Friday, May 6, 2022

[Startup Questions] Do Highly Intelligent and Rational Individuals Become Entrepreneurs? and 2 other questions | Hungry N Foolish - Startups, Entrepreneurs, Business Ideas

Here we are back again with our series where we bring to you some of the best questions from Quora, which we think will help you face the entrepreneurial challenges better. We pick out the best answers and present it to you, ofcourse along with our own take!

For those who missed out on the last post, you can view it here

Given the risks associated with entrepreneurship, do highly intelligent and highly rational individuals become entrepreneurs?

Entrepreneurship isn’t about taking risks, it’s about very carefully (intelligently, rationally) weighing risks and opportunities and then finding a new way to balance those so the opportunity outweighs the risk. To do this you have to be able to think ahead and see things for what they are and could be, but not just what you hope they will be. Not being intelligent or rational about this process is a recipe for failure.

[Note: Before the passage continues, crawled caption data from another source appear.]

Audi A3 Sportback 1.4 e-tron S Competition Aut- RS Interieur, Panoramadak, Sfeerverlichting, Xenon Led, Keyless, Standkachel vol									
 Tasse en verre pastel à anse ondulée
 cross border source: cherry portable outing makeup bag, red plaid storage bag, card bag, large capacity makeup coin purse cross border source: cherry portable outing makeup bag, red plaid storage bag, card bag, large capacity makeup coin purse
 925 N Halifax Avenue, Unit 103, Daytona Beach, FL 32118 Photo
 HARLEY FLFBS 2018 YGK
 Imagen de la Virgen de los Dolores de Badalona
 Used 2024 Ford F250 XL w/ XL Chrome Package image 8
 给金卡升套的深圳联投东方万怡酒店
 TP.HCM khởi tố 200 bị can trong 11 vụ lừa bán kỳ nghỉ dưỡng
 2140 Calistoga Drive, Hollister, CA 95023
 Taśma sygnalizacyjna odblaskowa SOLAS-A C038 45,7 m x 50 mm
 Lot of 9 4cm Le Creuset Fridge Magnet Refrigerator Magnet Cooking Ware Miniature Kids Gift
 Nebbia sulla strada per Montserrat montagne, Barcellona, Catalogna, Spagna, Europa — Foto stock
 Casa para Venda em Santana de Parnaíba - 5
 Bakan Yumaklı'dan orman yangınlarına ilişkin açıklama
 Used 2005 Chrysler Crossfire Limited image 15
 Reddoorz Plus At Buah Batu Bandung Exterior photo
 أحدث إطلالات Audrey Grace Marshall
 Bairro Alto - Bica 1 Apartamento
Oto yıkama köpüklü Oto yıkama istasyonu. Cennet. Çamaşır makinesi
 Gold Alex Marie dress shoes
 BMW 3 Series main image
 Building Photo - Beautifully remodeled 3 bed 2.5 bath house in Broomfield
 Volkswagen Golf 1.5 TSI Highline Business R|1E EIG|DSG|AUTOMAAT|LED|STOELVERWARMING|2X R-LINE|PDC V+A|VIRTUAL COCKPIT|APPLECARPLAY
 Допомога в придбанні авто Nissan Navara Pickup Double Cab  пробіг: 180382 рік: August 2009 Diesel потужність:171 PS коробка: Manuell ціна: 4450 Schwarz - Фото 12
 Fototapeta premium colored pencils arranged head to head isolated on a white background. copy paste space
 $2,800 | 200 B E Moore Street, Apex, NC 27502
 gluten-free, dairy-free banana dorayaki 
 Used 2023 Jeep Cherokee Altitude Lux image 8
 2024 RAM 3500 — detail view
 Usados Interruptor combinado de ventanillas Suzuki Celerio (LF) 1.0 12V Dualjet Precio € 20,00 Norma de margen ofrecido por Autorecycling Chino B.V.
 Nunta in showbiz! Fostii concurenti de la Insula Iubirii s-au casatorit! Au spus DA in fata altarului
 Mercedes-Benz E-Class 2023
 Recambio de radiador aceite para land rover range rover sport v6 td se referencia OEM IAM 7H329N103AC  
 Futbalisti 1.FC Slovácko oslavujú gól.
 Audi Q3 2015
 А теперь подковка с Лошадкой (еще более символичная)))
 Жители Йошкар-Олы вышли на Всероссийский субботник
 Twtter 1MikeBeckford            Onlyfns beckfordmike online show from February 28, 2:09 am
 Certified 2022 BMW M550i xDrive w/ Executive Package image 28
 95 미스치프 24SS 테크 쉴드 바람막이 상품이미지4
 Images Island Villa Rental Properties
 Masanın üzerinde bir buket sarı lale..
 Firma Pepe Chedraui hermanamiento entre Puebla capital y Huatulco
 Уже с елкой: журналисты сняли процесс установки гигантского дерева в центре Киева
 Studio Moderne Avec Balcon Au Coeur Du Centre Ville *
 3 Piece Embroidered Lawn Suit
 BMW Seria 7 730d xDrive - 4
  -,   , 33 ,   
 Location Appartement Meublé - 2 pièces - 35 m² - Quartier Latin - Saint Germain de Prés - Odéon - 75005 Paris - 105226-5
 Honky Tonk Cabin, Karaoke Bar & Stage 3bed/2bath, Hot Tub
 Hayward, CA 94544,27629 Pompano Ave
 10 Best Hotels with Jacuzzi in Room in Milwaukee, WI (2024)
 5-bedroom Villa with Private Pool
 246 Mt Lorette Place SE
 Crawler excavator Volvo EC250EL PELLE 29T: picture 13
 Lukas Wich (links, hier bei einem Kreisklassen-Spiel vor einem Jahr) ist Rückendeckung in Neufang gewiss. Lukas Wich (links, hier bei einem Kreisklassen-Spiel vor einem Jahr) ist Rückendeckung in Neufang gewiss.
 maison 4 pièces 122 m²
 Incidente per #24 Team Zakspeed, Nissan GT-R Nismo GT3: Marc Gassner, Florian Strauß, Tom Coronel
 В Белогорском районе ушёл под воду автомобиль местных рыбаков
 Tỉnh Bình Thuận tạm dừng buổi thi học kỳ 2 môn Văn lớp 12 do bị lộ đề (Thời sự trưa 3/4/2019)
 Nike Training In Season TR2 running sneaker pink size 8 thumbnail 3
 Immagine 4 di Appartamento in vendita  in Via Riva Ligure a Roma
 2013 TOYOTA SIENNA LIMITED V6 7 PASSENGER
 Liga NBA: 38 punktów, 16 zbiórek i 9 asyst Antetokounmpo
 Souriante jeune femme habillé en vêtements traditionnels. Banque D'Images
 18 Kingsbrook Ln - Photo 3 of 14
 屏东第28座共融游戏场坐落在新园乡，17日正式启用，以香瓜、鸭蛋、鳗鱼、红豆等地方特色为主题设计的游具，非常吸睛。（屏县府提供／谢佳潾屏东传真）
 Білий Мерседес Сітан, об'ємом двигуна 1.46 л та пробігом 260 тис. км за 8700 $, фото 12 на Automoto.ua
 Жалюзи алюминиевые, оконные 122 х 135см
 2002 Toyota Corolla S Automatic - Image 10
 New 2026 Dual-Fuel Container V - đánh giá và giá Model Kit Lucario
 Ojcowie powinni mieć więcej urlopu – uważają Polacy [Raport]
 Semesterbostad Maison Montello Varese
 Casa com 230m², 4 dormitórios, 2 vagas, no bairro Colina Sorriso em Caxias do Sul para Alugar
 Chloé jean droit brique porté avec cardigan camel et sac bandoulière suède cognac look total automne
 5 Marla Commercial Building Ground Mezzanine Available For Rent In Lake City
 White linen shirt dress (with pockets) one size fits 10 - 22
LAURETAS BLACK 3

Intelligence is necessary for entrepreneurship, but not sufficient. Plenty of people are smart enough to have great ideas, but don’t have the grit to make them a reality. Put another way, the entrepreneurs I’ve met are very intelligent, but the salient thing about them is how driven they are, not how smart they are.

What actually defines an entrepreneur according to me is perseverance and passion for long term goals; working strenuously toward challenges, maintaining effort and interest over years despite failure, adversity, and plateaus in progress. Relative to the general population, entrepreneurs score exceptionally high on “persistence of effort”.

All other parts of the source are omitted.